As can be figured from the beginning synopsis of the film there is not yet any actually any horror, but instead the driver relies on psychological drama. But for Lewton and Tourneur this is merely the set up. Clearly Lewton’s films were influenced by Alfred Hitchcock. After Hitchcock would use psychoanalysis as the centrepiece to Spellbound (1945) and would later be clearly influenced by Lewton’s style and set-ups in Vertigo (1958), Psycho (1960) and The Birds (1963). (There is even a key pet shop sequence in Cat People, as there is in The Birds.) The two key scenes and those that would be emulated in many a modern horror film are the scene where Alice has finished work and is closing up the office. She heads to her club and finds herself alone in a swimming pool where she is frightened by shadows and the large looming shadow of a panther. In another scene Alice is walking home after work close to Central Park when she feels that someone or something is following and stalking her. Suddenly we are jolted by a bus pulling up and its pneumatic doors opening, sounding almost like a big cat’s hiss. Lewton and Tourneur take their time to set up the suspense in these sequences and are in no hurry for a bunch of scares. This trope is all too often used in modern horror films where a scene of suspense is set up for the jump to be created by something innocent. This technique is now called the ‘bus’ and Lewton’s film was the first to use this. And again, unlike Universal Cat People was most evidently set in a modern urban setting, despite its reference to a Medieval central European past.
The origins of Cat People lay with the budget action studio behind King Kong (1933), RKO. The studio, like Universal was a second player that was reeling from the massive financial losses of some Orson Welles projects, including (the now classic) Citizen Kane (1941). The studio brought in an intelligent and learned Russian emigre called Val Lewton and was tasked to make a series of low budget horror films to challenge Universal. Lewton felt that horror films were beneath him. All he was given was a title: ‘Cat People’, no script and no other clue. Lewton brought in screenwriter DeWitt Bodeen and French emigre director Jacques Tourneur. Between them they worked on the idea and came up with a film that was not sensational horror in a B movie sense (there were many Poverty Row studios in the 1930s/40s such as Monogram and PRC churning out these kind of efforts). Also on board is the cinematographer Nicholas Musuraca who gives a noirish, smoke filled atmosphere to the film. It most certainly does not look like a B movie. Elsewhere the film’s subtleties are played out such as the scene at the restaurant wedding party where an elegant Serbian lady is made to look both mysterious and feline like. All through the psychology is palpable and it was only at the studio’s insistence that Irena is a real cat woman and not imagined.
Over the next four years Val Lewton would make a further eight what could be termed horror films and would repeat, to a lesser or greater degree he did in Cat People; two further films including the brilliantly titled I Walked with a Zombie (1943) would be directed by Tourneur.
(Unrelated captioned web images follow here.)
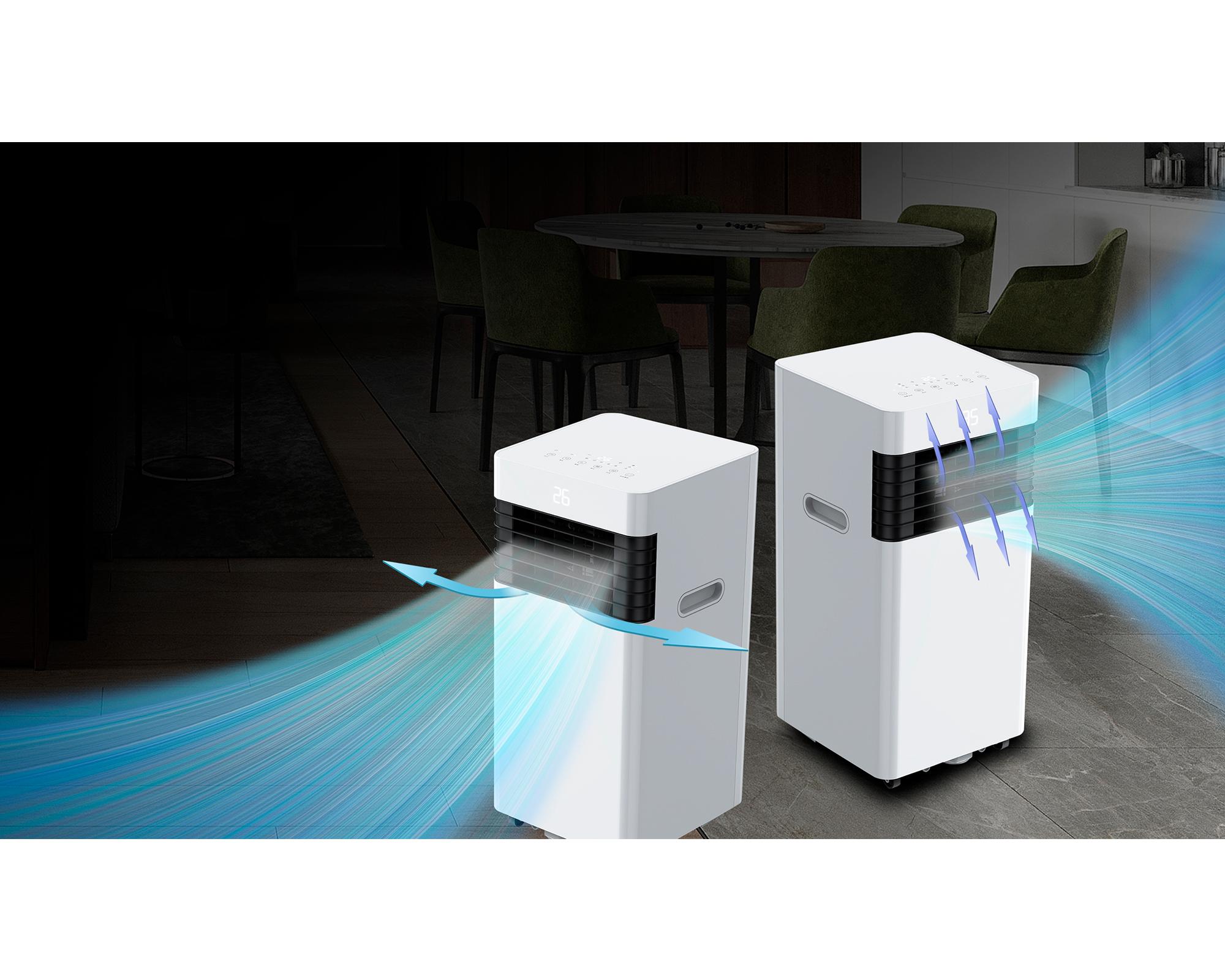 Air acondicionado portátil 8000 BTU Thor PAC 3en1 blanco-2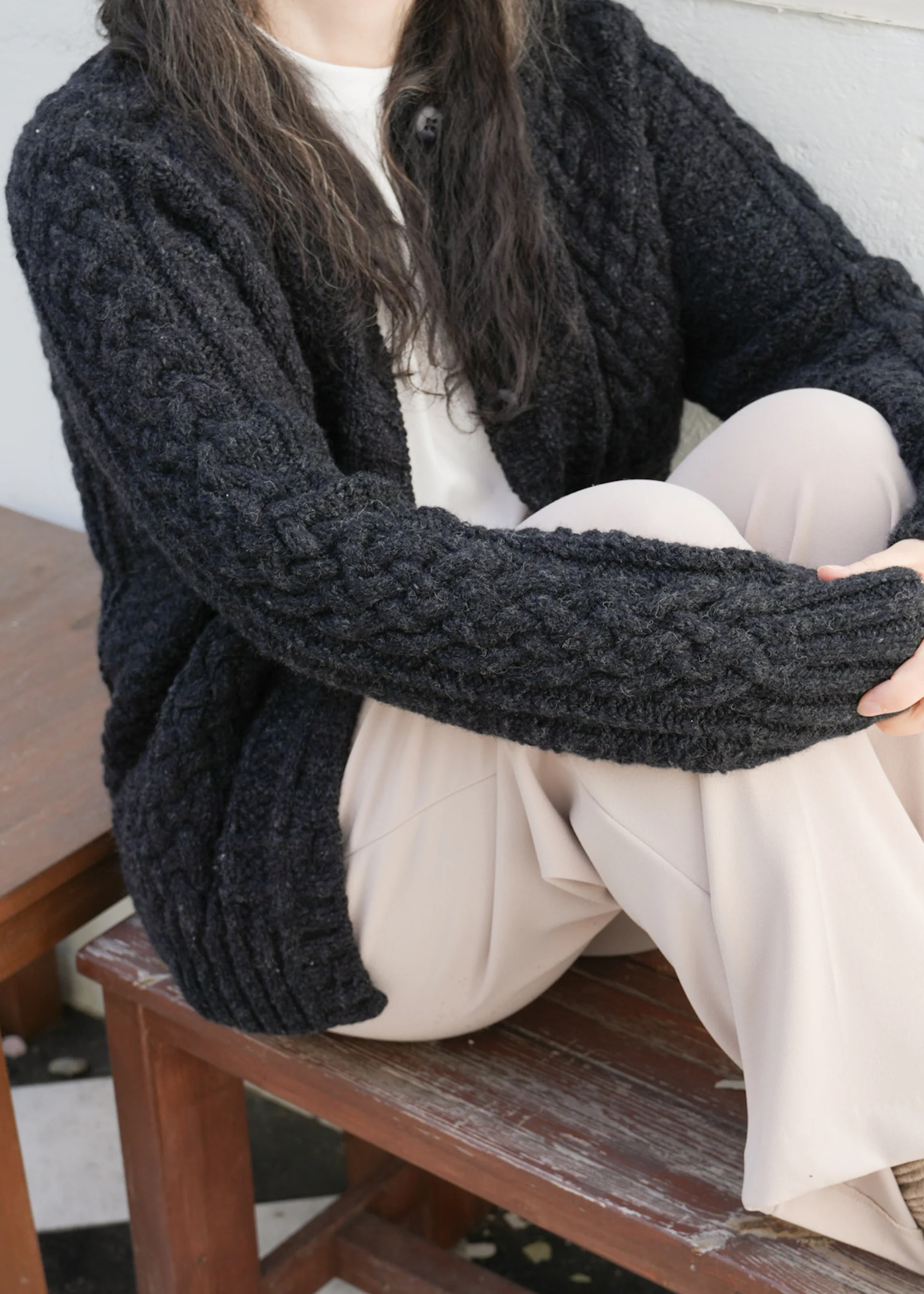 Rustic Weave Cardigan by Soop Knits - Image 12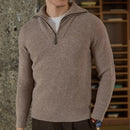 Half-height Zip Turtleneck Sweater Men's Long Sleeve Prendersons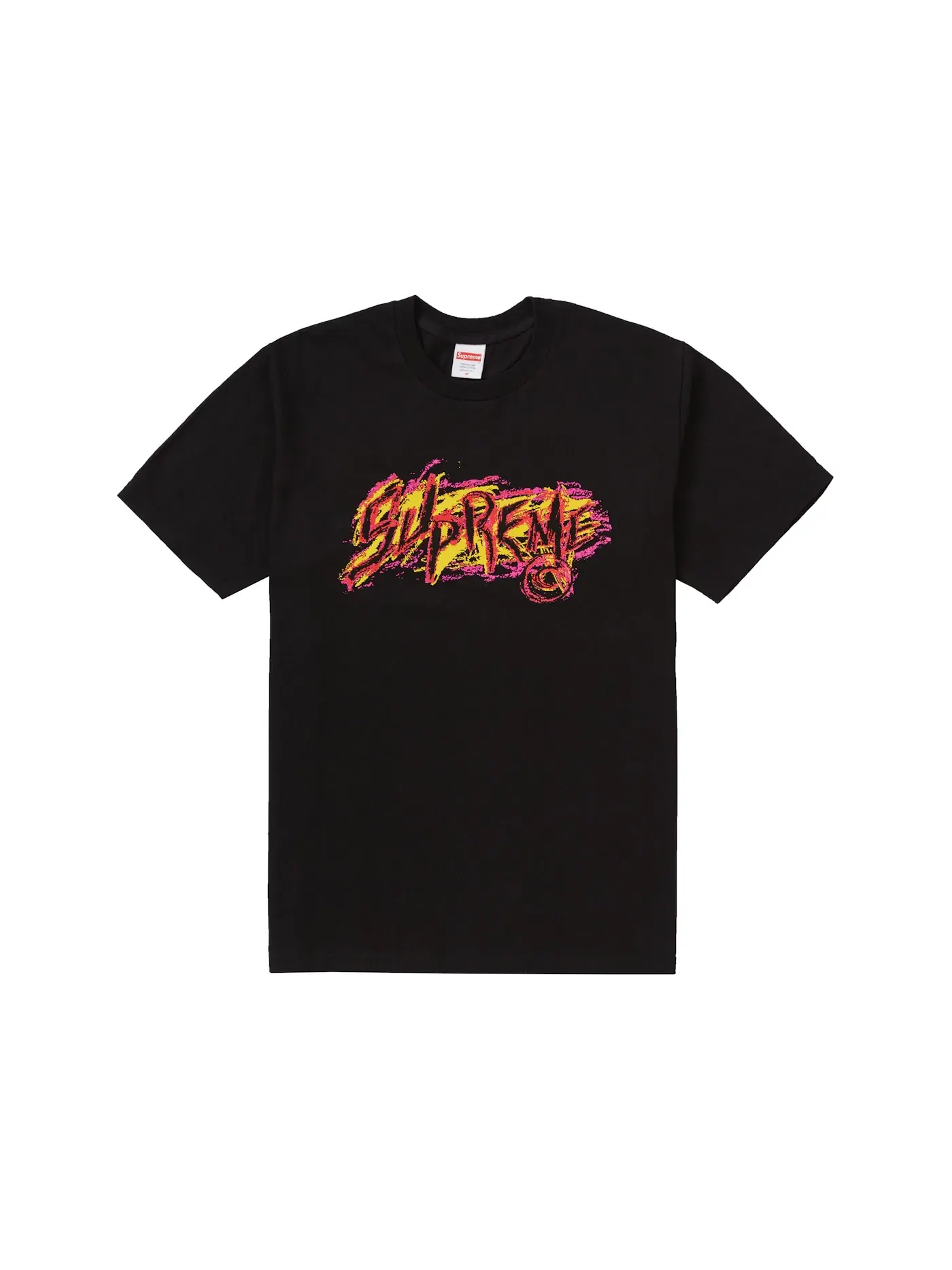 Мужская футболка с принтом Supreme Scratch Tee — изображение 1 из 1, черный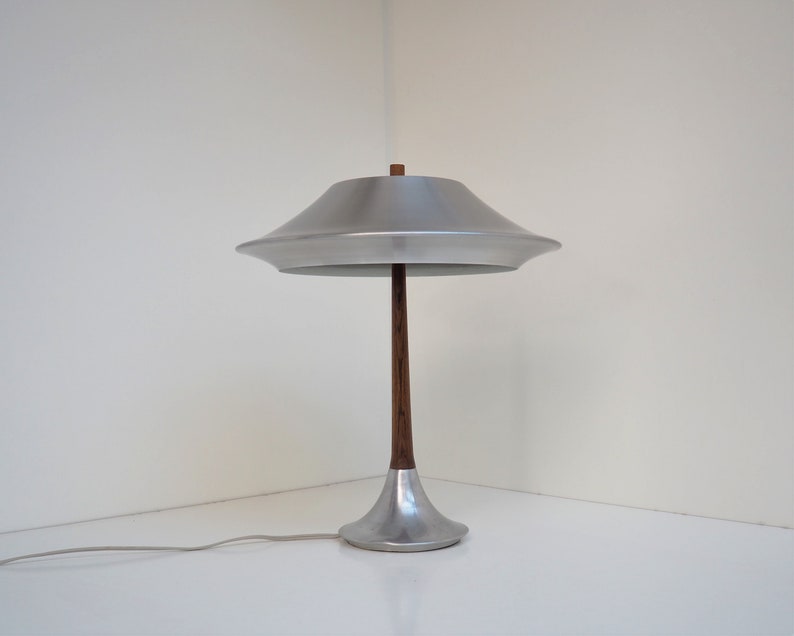 Rare and unique Ambassador table lamp designed by Jo Hammerborg, Danish design from Fog & Morup, 1960s image 3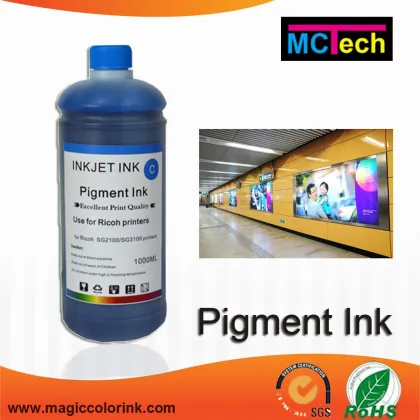 Indoor Printing Inkjet Dye Pigment Ink cmyk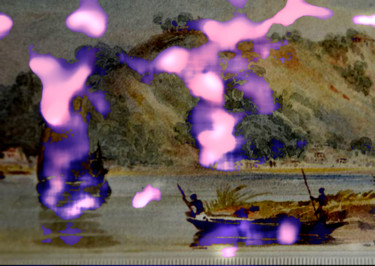 Цифровое искусство под названием "Markham River, New…" - Michel Tabanou, Подлинное произведение искусства, Цифровая живопись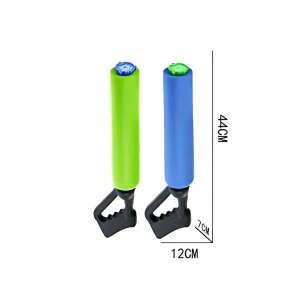 WaterWow Schaum-Wasserpistole, 44 cm lang, grün und blau, für Kinder, Sommerspaß, Poolparty, Strandspielzeug - Strandspielzeug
The latter film was also written around a mere title and also co-starred George Sanders cheaper brother, Tom Conway who plays the psychiatrist in Cat People. As with most of Criterion’s releases there are plenty of extras including a 1977 interview with Jacques Tourneur and a feature length documentary on Lewton produced by Martin Scorsese. For a long time now few of Lewton’s films have been available and therefore it would be great to see more released.